I felt as if a great weight of guilt had been lifted from me. No one needed me or would mourn my death, so why should I worry about what they think? I had never fully realised this before. My inner thoughts came to the surface and I realised that I had been burying these feelings deep within my subconscious, never discussing them with anyone or even letting these thoughts enter my conscious mind.

“I know there’s nothing after death, so dying like that holds no fear for me. But how many people are fortunate enough to die that way? The ones I’ve seen die are in great pain or drugged up so much they don’t know where they are, but can still here their family talk about them, but not to them. Some suffering the indignity of wearing incontinence pads and being fed through a tube. For some unlucky people, the pain of cancer eats away at their body.”

“There are a few things that you can do to lessen the chances of you suffering as you die, some of which you know of already, although there is no guarantee that your body won’t fail unexpectedly anyway.

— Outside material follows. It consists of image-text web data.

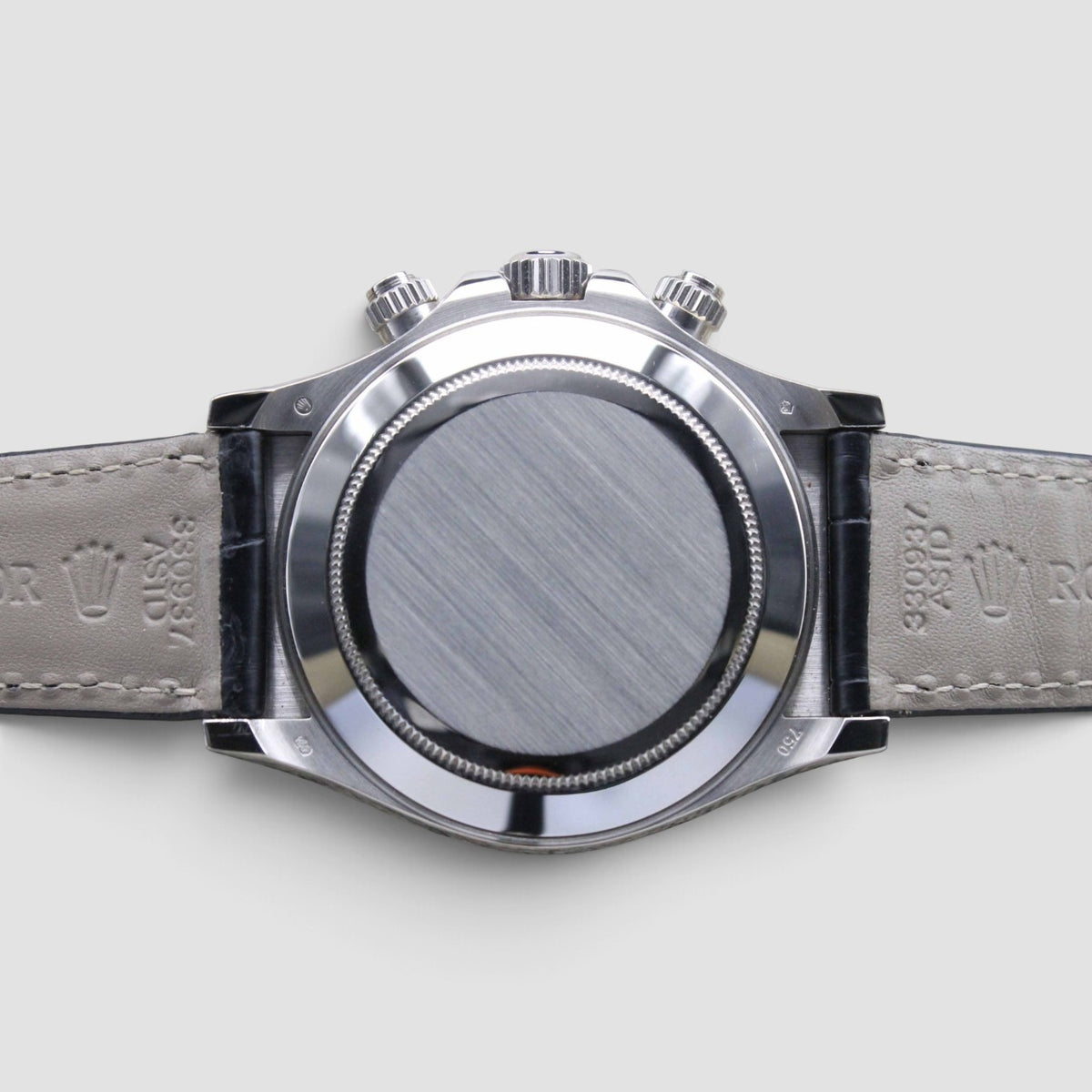 Daytona Tahitian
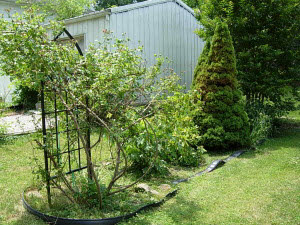 1721 E St, Bedford, IN 47421 photo 9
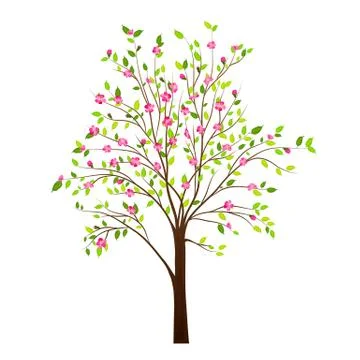 Spring tree with flowers isolated on white background vector Stock Illustration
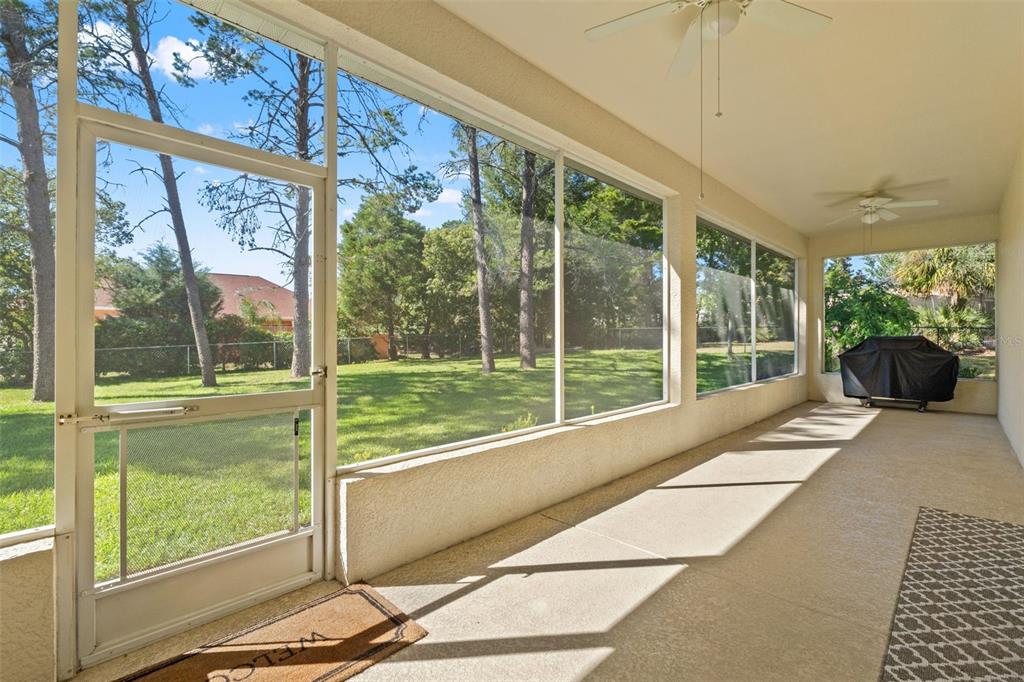 11405 Warm Wind Way Weeki Wachee, FL 34613 - Photo 41 of 46 a view of a garden from a windows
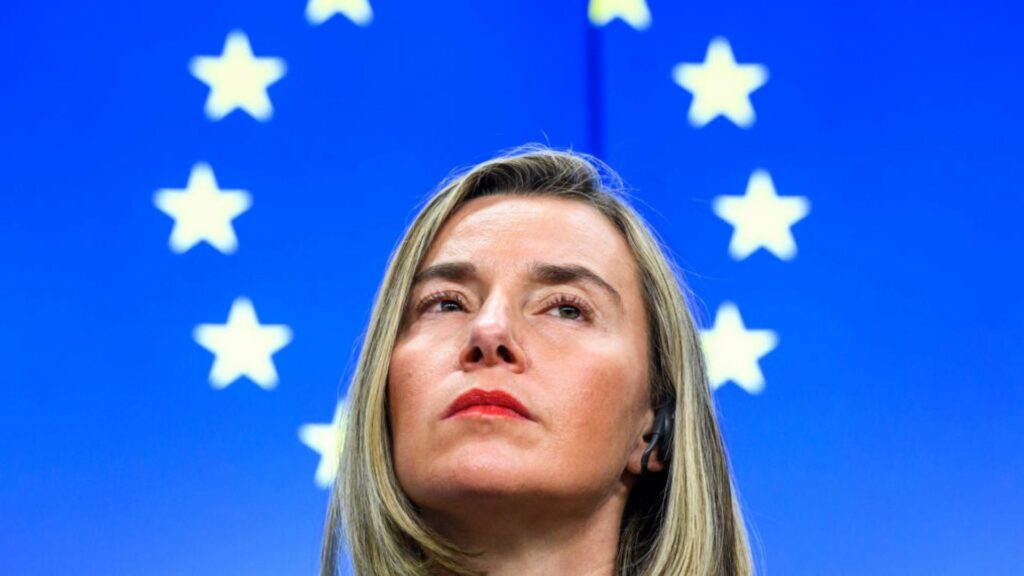 pa master dhe pa pervoje akademike ne krye te kolegjit te europes euractiv nga kulla e fildishte ne paraburgim shthurja dramatike e mogherinit 69302429936c3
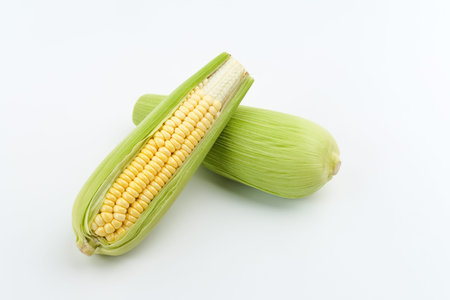 Organic sweet corn isolated on a white background. Copy space.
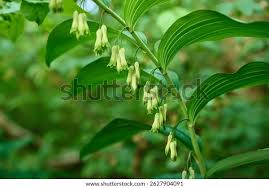 Attēlu rezultāti vaicājumam “Polygonatum multiflorum  flower”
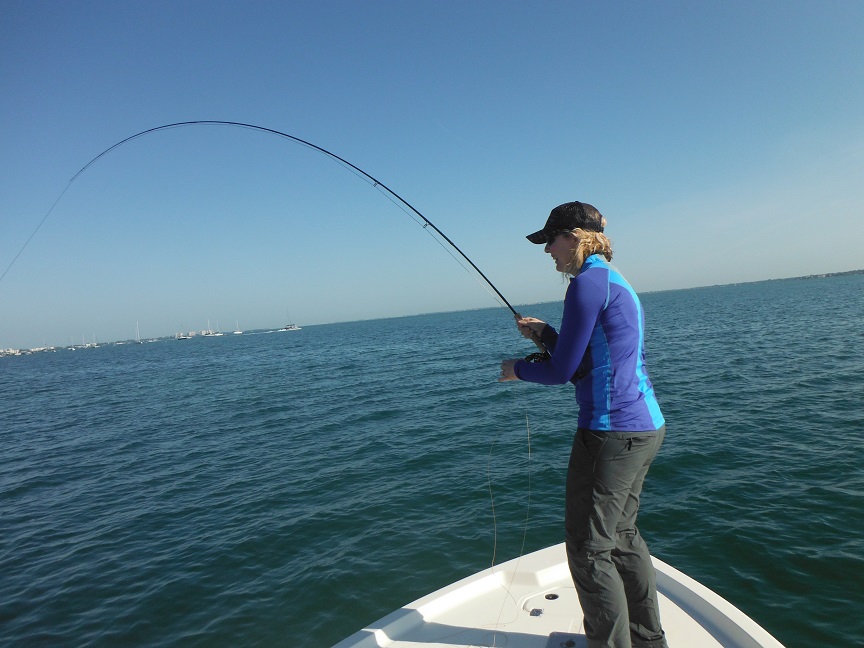 Fly Fishing for Ladyfish – an Underrated Species! – Sarasota Fly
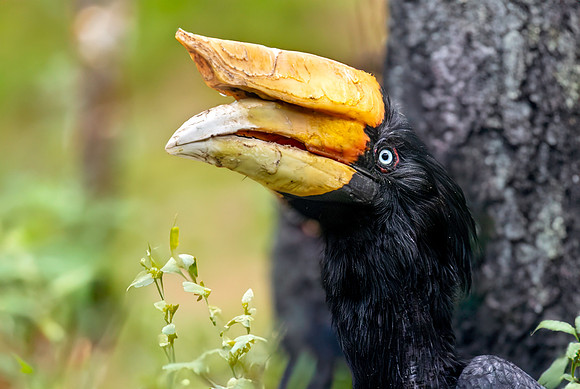 Rhinoceros hornbill, female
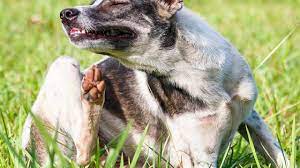 Dog Allergies Treating Itchy Skin Allergies In Dogs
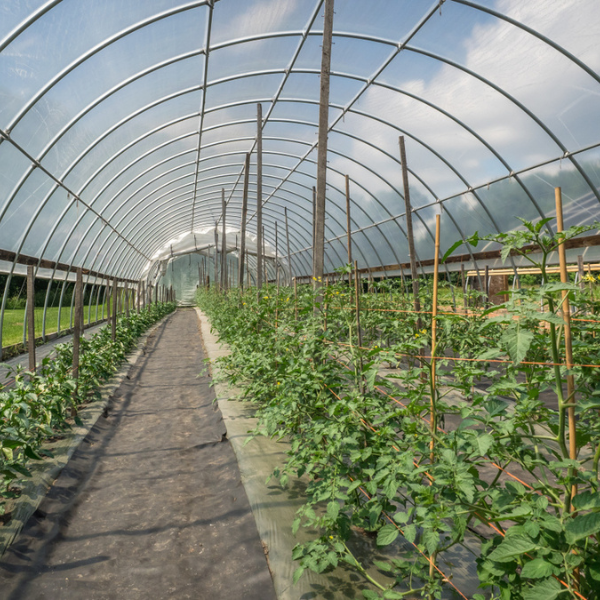 Greenhouse Film Agricultural Multi Span Film Greenhouse Agricultural Film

You know you’re overweight, don’t exercise and drink too much. You’ve done nothing to redress this situation and if you don’t, you risk a massive heart attack and will die - although you suffer pain briefly, it is preferable to having a stroke. A stroke could take away all your freedom and you’d be trapped in your body that is either paralysed, or leaving you unable to communicate."

“Apart from looking after myself, what else can I do to lessen the chances of a painful death?”

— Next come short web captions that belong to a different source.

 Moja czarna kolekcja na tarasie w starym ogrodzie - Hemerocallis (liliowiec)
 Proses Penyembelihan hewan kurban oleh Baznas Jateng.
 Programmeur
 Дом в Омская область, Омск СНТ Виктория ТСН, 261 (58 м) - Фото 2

“Just because you may end up in a hospital bed doesn’t mean that you will be in pain. As you lie there, your body is being looked after by medical staff or if you are at home, your body is being controlled by drugs - but your mind is still free. Forgotten memories will resurface and your imagination will take you places. You will mind travel again, a forgotten skill you lost after childhood.

As from now, every morning when you wake up, be thankful that you are still healthy and mobile enough to be free to do what you want. Don’t waste your day."

“Remember - each day you wake up is like a new dawn. You are alive and there is still so much to see and do. Don’t waste your thoughts on negativity. Think about how to spend this day - and get the most out of life."

The blue light behind him slowly became dimmer.

“And now it is time for you to go."

It was getting colder. I heard a noise behind me, like a door opening. I looked over my shoulder but could not see anything through the gloom. When I turned back round, he had gone.

I was glad to leave that dismal unwelcoming place which, through fear, I rarely visited. Then it dawned on me. The reason I rarely visited was because I would discover my inner self, with all its selfishness, vices and fears. In this place I would get honest truthful answers to questions I would never dare ask myself in normal circumstances.

I recognised the man that spoke to me.